Recorded data:
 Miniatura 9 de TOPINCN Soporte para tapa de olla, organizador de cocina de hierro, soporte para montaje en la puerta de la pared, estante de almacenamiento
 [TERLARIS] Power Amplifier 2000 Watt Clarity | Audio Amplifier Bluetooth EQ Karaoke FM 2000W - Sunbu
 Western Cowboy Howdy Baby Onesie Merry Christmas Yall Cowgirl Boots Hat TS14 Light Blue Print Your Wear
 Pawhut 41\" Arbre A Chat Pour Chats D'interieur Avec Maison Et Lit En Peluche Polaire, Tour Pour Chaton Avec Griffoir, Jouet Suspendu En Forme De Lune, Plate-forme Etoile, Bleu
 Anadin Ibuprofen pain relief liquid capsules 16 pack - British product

• [INSTRUCTIONS FOR THE TASK]:
Repeat every record above exactly as it appears.

• [TASK ANSWER]:
 Miniatura 9 de TOPINCN Soporte para tapa de olla, organizador de cocina de hierro, soporte para montaje en la puerta de la pared, estante de almacenamiento
 [TERLARIS] Power Amplifier 2000 Watt Clarity | Audio Amplifier Bluetooth EQ Karaoke FM 2000W - Sunbu
 Western Cowboy Howdy Baby Onesie Merry Christmas Yall Cowgirl Boots Hat TS14 Light Blue Print Your Wear
 Pawhut 41\" Arbre A Chat Pour Chats D'interieur Avec Maison Et Lit En Peluche Polaire, Tour Pour Chaton Avec Griffoir, Jouet Suspendu En Forme De Lune, Plate-forme Etoile, Bleu
 Anadin Ibuprofen pain relief liquid capsules 16 pack - British product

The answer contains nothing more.